By Colin Simpson at Bloomberg
A new Chinese shipping index that tracks freight movements among the countries on the route of one of President Xi Jinping's key trade initiatives has fallen to the lowest level since it was established.
The Maritime Silk Road Freight Index was launched on a trial basis by the Shanghai Shipping Exchange last July. The index takes January 2015 as its base point, and at that time it had a value of 100.
The latest update, released on February 29, shows that the index has declined to 65.11 after falling 10.3 percent over the previous month alone.

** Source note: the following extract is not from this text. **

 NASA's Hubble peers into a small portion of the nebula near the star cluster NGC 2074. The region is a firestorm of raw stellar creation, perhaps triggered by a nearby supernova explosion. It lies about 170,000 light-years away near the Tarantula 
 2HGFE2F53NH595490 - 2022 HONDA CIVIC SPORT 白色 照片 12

The index is divided into four subindexes—container imports, container exports, dry bulk imports and tanker imports—each of which began with a value of 100. The dry bulk figure has declined to 56.14, down 7.3 percent since the end of January. The index is based on the freight volume and rate, and the data is taken from other indices published by the SSE
In August, the state-owned China Daily newspaper reported SSE President Zhang Ye as saying the index was intended to "enhance the transparency and influence of the market."
China's economic slowdown has triggered a drastic decline in worldwide shipping activity. China's exports fell 25.4 percent year on year in February, and imports were down 13.8 percent.

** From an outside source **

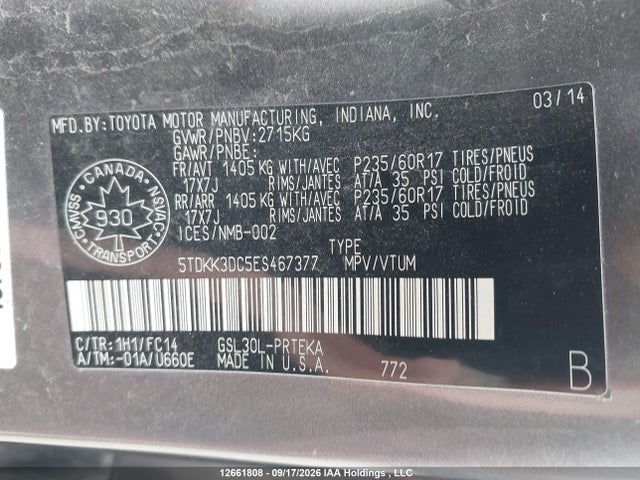 Toyota Sienna Le 8 Passenger 2014 5TDKK3DC5ES467377 Image 19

The Baltic Dry Index, the global measure of the cost of shipping coal, iron ore, grain and other non-oil commodities, fell to a record low in February. At 9 a.m. on Friday it stood at $384, down from a peak of $1,222 in August.
Xi proposed the creation of the Maritime Silk Road, a trade route linking China with countries in Southeast Asia, Africa and Europe, in 2013. The following year he said China would provide $40 billion to support infrastructure development and other projects in countries along the route and that of another trade channel, the Silk Road Economic Belt.